A Cold Winter’s Chill and Vortex Tubes

Two weekends ago I had the pleasure of flying out to meet my friend in Colorado Springs and ski the weekend at Breckenridge. As an avid skier Breckenridge has been one of the resorts I have been wanting to ski since I started skiing out west. The weather was amazing and I couldn’t ask for better; the Saturday blue skies and cool breeze followed up by a Sunday of snow fall. The Trip was a dream come true. Breckenridge is specifically known for having high winds that howl across the peaks that stand at a max of 12,998 ft. above sea level. These chilling winds would freeze just about anyone if you aren’t dressed prepared for them as they blow right in your face on the lift. As I was sitting on the lift with these cold winds blowing in my face it brought to mind EXAIR’s Vortex Tubes, Cold Guns, and Cabinet Coolers.

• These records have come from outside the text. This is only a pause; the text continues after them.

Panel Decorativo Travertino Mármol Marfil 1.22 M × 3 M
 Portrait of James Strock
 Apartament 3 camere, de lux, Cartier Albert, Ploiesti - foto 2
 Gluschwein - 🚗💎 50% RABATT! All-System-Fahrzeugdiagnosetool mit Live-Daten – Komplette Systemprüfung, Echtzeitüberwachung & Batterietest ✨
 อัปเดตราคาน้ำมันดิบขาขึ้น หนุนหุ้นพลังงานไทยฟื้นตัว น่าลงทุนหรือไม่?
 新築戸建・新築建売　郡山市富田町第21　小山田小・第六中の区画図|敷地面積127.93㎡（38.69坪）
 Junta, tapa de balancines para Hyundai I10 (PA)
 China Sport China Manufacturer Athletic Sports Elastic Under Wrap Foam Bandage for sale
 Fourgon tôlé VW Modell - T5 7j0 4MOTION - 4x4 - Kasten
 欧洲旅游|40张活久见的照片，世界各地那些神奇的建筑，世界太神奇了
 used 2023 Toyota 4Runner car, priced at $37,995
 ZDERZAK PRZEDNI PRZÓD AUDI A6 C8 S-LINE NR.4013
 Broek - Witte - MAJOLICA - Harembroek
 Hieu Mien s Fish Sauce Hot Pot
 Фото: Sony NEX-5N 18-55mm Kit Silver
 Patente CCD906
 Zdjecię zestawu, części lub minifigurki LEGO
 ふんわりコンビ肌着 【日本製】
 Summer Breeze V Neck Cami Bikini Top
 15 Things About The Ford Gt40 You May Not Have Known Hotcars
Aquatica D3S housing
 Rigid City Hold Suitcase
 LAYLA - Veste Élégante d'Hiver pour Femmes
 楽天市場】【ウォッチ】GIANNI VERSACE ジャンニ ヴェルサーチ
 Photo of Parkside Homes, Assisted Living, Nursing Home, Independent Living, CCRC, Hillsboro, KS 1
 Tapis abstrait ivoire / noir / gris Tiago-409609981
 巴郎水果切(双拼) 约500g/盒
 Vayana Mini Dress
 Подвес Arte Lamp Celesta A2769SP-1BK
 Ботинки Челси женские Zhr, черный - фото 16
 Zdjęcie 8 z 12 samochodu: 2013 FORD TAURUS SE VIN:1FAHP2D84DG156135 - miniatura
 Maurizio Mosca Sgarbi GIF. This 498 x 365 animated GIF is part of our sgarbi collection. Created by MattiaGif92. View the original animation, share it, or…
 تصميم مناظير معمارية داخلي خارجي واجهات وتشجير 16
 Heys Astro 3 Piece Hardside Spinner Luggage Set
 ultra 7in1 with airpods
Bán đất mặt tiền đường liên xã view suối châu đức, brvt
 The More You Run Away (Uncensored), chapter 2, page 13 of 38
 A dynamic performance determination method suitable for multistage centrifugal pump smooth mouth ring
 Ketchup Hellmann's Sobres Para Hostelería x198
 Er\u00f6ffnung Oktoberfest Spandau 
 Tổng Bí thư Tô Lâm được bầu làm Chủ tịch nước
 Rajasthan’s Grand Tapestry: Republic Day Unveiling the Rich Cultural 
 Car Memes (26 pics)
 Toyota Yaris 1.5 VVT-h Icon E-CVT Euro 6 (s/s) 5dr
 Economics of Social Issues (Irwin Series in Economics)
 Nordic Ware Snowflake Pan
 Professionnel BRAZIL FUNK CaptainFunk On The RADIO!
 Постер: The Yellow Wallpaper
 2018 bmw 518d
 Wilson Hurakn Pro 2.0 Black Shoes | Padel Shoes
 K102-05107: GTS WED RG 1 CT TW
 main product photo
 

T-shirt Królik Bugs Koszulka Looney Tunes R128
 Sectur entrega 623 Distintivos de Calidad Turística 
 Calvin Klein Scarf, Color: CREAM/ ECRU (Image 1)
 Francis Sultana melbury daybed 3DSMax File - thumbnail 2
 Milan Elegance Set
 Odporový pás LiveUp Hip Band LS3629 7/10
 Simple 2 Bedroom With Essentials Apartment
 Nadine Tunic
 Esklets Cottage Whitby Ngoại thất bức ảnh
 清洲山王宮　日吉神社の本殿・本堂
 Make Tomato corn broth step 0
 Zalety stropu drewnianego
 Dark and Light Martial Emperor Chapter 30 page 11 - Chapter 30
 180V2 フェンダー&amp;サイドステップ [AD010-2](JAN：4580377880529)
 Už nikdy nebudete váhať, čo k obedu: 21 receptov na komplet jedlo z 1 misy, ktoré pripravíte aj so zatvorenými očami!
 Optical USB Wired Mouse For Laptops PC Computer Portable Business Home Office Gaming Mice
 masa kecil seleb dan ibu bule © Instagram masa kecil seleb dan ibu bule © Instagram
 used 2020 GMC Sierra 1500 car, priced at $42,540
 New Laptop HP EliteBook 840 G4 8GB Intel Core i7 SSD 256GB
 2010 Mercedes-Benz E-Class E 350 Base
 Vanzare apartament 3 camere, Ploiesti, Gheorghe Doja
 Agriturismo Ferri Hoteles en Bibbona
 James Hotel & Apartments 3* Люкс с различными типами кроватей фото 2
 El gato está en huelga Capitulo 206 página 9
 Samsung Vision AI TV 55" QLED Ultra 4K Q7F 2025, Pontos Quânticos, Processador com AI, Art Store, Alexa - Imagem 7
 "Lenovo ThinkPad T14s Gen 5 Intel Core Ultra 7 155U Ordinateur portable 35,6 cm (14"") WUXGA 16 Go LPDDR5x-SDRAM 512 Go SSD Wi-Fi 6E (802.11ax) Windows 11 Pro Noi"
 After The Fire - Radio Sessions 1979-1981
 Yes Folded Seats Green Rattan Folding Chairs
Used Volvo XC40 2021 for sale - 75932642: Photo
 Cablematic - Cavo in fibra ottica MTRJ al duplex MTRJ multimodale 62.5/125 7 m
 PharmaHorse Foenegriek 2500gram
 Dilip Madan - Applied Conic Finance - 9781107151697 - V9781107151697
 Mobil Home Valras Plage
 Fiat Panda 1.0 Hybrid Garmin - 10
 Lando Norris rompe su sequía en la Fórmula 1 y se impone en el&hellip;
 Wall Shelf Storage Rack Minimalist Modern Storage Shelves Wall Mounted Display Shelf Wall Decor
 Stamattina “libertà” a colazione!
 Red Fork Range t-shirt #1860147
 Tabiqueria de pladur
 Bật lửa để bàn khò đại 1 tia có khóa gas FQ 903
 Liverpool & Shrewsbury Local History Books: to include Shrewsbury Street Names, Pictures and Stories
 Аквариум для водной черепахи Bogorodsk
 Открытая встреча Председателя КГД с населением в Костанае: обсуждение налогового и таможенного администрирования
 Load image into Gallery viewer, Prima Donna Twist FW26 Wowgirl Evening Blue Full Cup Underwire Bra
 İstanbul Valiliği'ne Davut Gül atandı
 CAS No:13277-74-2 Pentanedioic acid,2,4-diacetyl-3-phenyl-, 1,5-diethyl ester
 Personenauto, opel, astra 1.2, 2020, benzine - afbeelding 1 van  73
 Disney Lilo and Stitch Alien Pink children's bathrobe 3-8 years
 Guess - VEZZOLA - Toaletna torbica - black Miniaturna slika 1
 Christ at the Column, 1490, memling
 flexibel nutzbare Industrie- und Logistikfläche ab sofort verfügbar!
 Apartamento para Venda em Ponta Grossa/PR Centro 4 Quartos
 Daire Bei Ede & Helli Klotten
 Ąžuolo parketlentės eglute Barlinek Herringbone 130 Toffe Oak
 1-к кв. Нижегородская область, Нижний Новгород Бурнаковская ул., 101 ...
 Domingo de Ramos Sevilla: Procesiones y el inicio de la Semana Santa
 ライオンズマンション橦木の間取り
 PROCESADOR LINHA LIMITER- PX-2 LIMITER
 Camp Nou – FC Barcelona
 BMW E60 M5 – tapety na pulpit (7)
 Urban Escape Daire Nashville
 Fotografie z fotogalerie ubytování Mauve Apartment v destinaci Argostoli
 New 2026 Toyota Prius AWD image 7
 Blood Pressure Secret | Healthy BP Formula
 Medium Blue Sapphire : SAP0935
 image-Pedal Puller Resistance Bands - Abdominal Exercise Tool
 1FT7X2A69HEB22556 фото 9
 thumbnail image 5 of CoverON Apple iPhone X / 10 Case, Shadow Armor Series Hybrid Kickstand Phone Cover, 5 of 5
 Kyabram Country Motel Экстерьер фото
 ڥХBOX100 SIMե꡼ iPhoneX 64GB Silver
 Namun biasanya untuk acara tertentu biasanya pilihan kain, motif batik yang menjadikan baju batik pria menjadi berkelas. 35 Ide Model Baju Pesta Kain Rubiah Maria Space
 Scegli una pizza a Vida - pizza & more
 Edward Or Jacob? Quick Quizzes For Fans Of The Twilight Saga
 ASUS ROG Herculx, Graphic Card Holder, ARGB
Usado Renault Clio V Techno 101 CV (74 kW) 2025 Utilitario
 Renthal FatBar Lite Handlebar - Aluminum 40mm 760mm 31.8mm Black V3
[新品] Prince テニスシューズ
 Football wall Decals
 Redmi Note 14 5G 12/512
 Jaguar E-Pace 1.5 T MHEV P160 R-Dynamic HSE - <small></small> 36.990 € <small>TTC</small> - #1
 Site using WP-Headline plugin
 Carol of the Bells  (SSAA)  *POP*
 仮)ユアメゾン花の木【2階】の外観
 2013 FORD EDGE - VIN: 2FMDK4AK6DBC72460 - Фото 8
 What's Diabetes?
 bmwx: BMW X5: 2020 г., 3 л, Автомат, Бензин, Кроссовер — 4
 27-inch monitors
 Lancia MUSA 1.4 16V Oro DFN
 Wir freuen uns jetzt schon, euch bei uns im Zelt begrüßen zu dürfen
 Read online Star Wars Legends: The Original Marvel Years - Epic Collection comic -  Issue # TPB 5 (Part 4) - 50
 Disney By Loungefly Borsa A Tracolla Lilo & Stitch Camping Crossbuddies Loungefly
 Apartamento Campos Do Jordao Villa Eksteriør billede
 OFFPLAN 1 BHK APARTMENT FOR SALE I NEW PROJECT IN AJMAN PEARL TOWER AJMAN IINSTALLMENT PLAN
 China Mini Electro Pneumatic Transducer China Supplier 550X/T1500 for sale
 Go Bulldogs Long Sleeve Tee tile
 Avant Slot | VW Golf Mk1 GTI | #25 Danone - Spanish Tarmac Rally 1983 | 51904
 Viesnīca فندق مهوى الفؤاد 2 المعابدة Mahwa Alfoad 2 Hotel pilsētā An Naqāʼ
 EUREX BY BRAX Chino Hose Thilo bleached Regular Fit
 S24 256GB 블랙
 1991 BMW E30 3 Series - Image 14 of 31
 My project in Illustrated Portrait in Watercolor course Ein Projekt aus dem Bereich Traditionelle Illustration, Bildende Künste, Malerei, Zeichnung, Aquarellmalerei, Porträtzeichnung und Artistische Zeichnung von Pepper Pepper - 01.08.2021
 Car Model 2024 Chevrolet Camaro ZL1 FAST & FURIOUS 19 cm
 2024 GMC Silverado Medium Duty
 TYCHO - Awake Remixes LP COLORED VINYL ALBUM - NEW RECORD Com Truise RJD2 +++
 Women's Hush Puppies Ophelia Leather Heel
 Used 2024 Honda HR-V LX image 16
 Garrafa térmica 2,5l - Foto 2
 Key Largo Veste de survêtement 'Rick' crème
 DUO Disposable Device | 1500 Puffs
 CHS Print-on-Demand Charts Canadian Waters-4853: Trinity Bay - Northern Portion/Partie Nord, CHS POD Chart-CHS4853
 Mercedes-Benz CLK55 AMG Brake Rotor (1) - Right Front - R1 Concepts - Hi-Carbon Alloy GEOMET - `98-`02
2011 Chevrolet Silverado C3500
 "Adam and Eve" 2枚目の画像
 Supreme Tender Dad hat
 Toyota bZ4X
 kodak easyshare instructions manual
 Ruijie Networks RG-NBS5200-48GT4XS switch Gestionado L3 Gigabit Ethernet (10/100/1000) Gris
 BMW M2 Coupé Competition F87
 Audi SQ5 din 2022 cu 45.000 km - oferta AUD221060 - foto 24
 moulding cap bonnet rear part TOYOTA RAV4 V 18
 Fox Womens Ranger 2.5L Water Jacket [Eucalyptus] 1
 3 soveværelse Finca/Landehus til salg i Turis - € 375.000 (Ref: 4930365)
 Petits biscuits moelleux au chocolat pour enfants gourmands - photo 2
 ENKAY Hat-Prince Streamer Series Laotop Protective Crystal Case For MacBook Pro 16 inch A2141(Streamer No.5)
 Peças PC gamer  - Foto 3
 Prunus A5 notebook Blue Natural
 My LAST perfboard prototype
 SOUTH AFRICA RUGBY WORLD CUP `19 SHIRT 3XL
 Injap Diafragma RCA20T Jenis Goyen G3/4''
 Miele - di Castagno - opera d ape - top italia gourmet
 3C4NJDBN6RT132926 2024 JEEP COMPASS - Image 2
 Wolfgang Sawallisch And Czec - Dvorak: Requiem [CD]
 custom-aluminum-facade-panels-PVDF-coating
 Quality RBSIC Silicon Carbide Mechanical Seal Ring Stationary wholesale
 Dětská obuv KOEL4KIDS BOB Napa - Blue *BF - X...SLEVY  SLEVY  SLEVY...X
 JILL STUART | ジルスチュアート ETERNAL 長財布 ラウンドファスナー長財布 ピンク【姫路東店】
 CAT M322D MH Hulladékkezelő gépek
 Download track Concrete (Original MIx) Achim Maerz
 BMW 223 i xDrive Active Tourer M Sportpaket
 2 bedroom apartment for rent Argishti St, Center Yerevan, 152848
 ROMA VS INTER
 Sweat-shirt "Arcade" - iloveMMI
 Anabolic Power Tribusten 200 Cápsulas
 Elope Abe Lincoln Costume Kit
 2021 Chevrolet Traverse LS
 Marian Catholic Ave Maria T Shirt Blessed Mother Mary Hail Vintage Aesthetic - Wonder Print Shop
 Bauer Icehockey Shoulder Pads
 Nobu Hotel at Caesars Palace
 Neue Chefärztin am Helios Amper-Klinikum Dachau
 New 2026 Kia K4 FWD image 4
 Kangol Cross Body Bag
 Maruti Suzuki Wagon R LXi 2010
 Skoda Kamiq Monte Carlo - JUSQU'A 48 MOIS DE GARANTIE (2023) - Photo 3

EXAIR’s Vortex Tubes and similar products provide everything from a cool blast of air to a frigid breeze to cool off various parts and products. In a lot of smaller milling and grinding applications the Cold Gun has been used as a replacement to costly coolant-based alternatives. Vortex tubes have been used in cooling applications since 1945 and assist in everything from stress testing electronics to cooling down plastic parts during ultrasonic welding.

 Vortex tubes use a source of compressed air to create a hot and cold stream of air coming out on opposite ends of the device. This means that not only can the vortex tube be used for cooling but also heating applications. In one case a vortex tube was used to heat up an adhesive before it was sealed to get a better adhesion. Although the vortex tube can be used for heating purposes those applications are few and far between as usually a heating element or other heating source is more applicable.
Vortex tubes are quickly adjustable, just as the winds of Breckenridge can change from being a breeze to almost blowing you off of the mountain. Weather in the mountains is always varying and so are EXAIR’s Vortex Tubes.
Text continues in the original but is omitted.